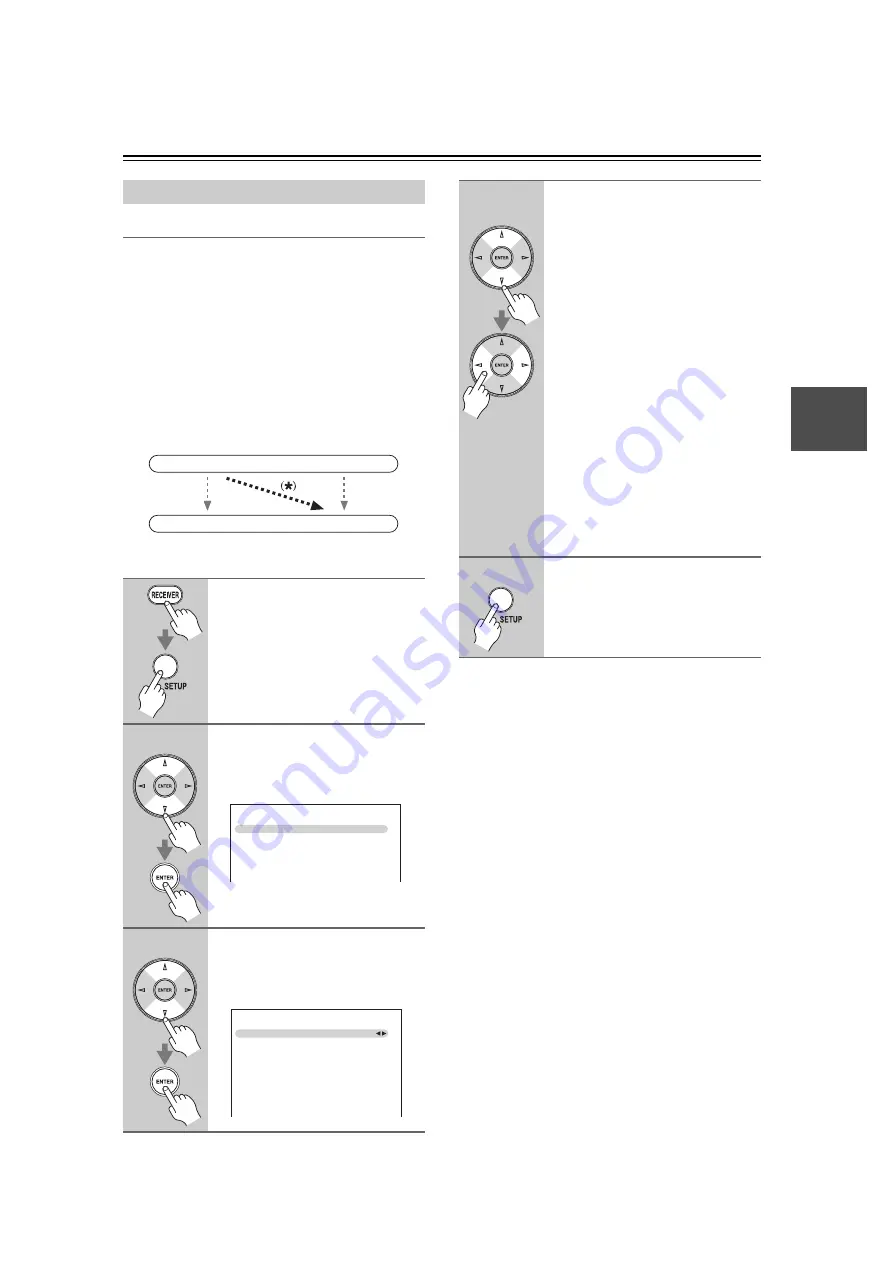 Onkyo HT-RC160 Instruction Manual Download Page 39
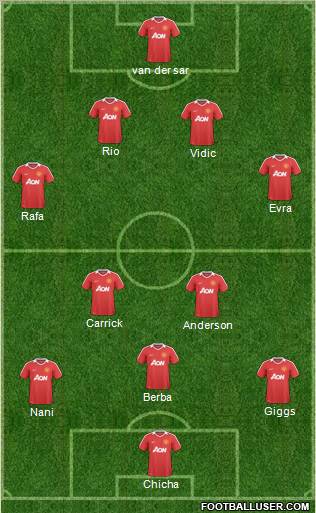 Manchester United Formation 2010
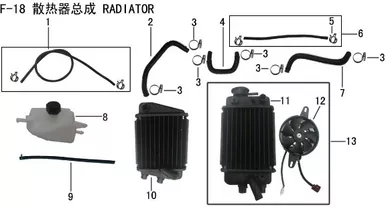 Lifan KP200 Radiator II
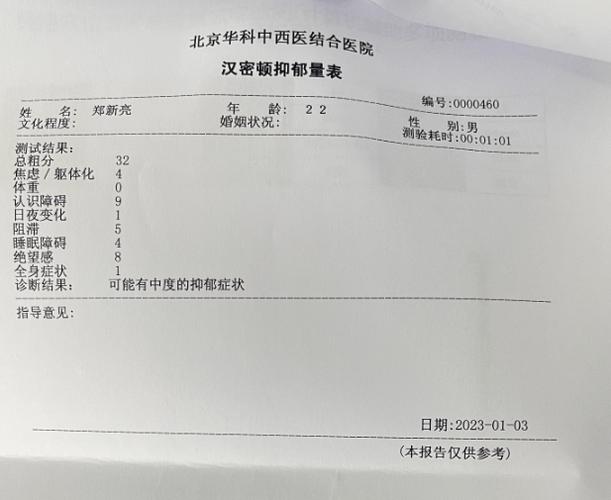 重度抑郁诊断书照片_理解与应对心理困境
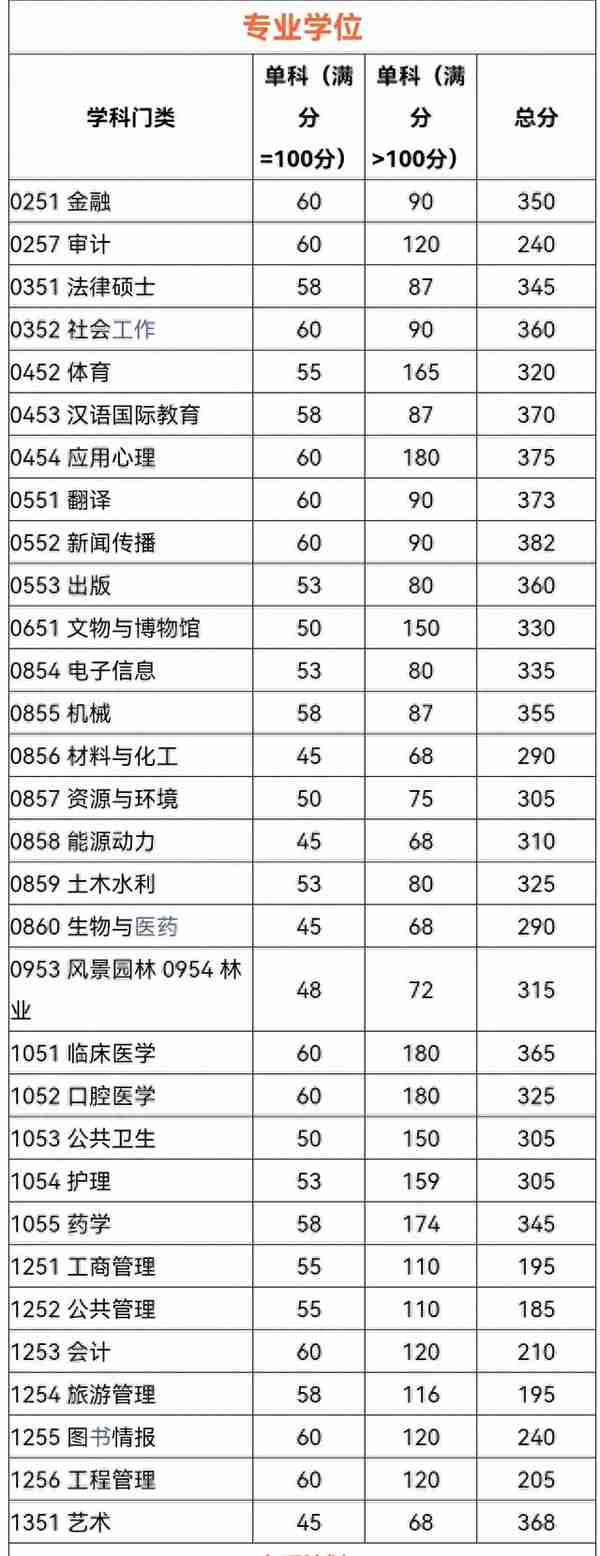 四川大学，2022考研复试线涨幅较大，考研最“热”大学名不虚传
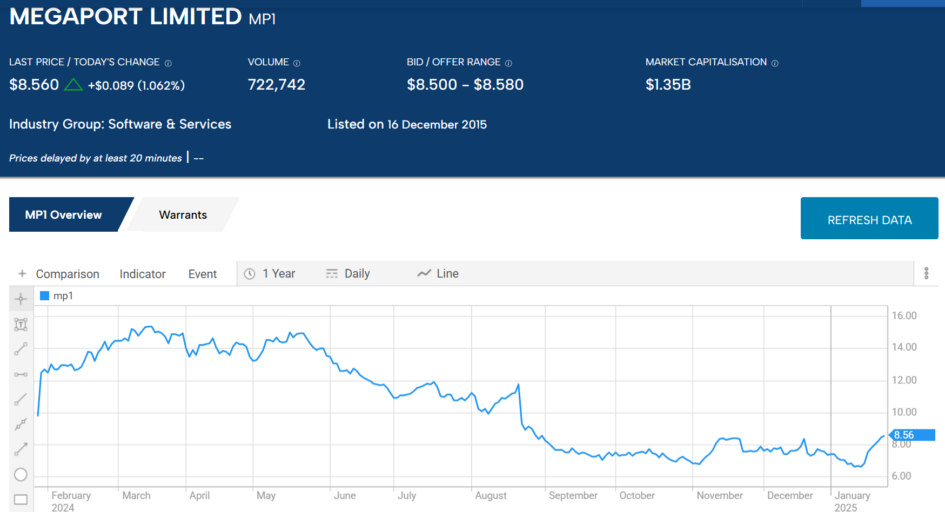 megaport limited mpi 2025 stock chart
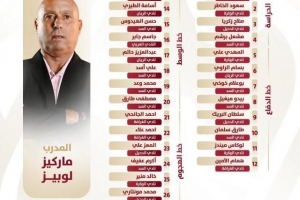 卡塔尔公布亚洲杯集训名单：海多斯、阿菲夫、莫埃兹-阿里在列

━━━━━━

• _DIRECTIONS FOR THIS TASK_
Reproduce the whole listing verbatim. Pictures stay out of the copy.

• _ANSWER TO THIS TASK_
 Onkyo HT-RC160 Instruction Manual Download Page 39
 Manchester United Formation 2010
 Lifan KP200 Radiator II
 重度抑郁诊断书照片_理解与应对心理困境
 四川大学，2022考研复试线涨幅较大，考研最“热”大学名不虚传
 megaport limited mpi 2025 stock chart
 卡塔尔公布亚洲杯集训名单：海多斯、阿菲夫、莫埃兹-阿里在列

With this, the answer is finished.